There is some irony here: Spanish judges and prosecutors have been some of the most vigorous users of universal jurisdiction laws in attempts to bring to book individuals for crimes committed outside of Spain. After revision six years ago universal jurisdiction law can only be used by Spanish prosecutors to bring cases that have some connection to Spain or if it can be proved they would not be tried elsewhere. It is possible the most infamous such case brought by a Spanish prosecutor - charges against former General Augusto Pinochet of Chile - may not have been feasible under today's reformed laws.

Yet just as attempts in Argentina are made under universal jurisdiction to hear a case from Spain, in Spain itself another case brought by pro-Tibetan independence activists against senior political leaders in China stands to test the law of universal jurisdiction in the opposite direction.

Just as the Galante-Pacheco case has serious ramifications for national politics, so too does the Tibet case, though for different reasons. At a time when Spain's economy is one of the most brittle in Europe and desperate for Asian investment, the international arrest warrant issued by the country's National Court for China's former President Jiang Zemin and former Prime Minister Li Peng is unfortunately timed. With future trade relations at stake, the Spanish Government will no doubt consider how far further restrictions must be placed on the current universal jurisdiction laws following their previous tightening, perhaps even their repeal, even though the diplomatic damage has already been done.

These two cases ultimately pose a challenge to the law of universal jurisdiction, and with it a challenge to the principle of international law just as its universality is also being tested in other forums such as the International Criminal Court. In the case of the ICC it is clear that former holders of the highest office in countries such as those in Europe are in practice immune from prosecution, even if international law says they are not, just as they are immune from prosecution in countries not their own under universal jurisdiction. Because of this the greatest successes of the ICC in its twelve-year existence - and the source of its greatest criticism - is that it only brings cases from regions such as Africa where international law acts as an alternative to a dysfunctional local judiciary and the absence of free and open governance.

Yet attempts to make international law truly international should not be curtailed even if today in practice it is not. International law must and always should be unpinned by the principle that its ultimate pursuit is justice for victims against those who have committed crimes against them wherever they reside in the world.

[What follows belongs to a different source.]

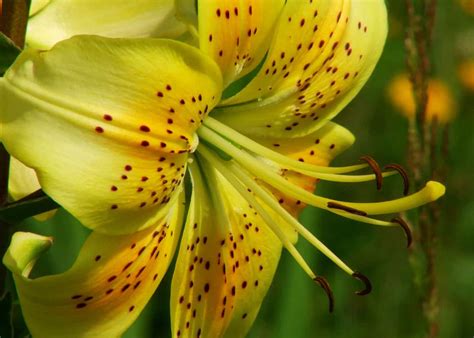Yellow Lilies 🌼 🌟 The Bright Stars Of The Summer Garden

Perhaps what Spain is now finding out the hard way is that universality and international law must and should mean just that: for those who have committed the most heinous crimes, there should be no place where they can hide from justice; for those who have been accused there is the entitlement to a fair trial. Where national governments and courts cannot or will not act on behalf of victims, then others can do so for them. In principle this should be the case even when, because of a national law such as the amnesty in Spain, a developed country will not try those accused.

In practice the world is far from this, but it is becoming closer: after all, it was only twelve years ago when there were sufficient signatories to the Rome Statute (the charter that underpins the ICC) that the court was founded. The cause of international law has come a long way. That's why the alleged crimes of those surviving Francoists that might stand trial under universal jurisdiction should not be blocked. Nor should moves to mend diplomatic relations with the Chinese be a brake on international law's development. If Spain and other leading nations truly believe in the universal principle of international law, then ultimately they will need to put it into practice. That is why Spain should not allow national political considerations to undermine its progress.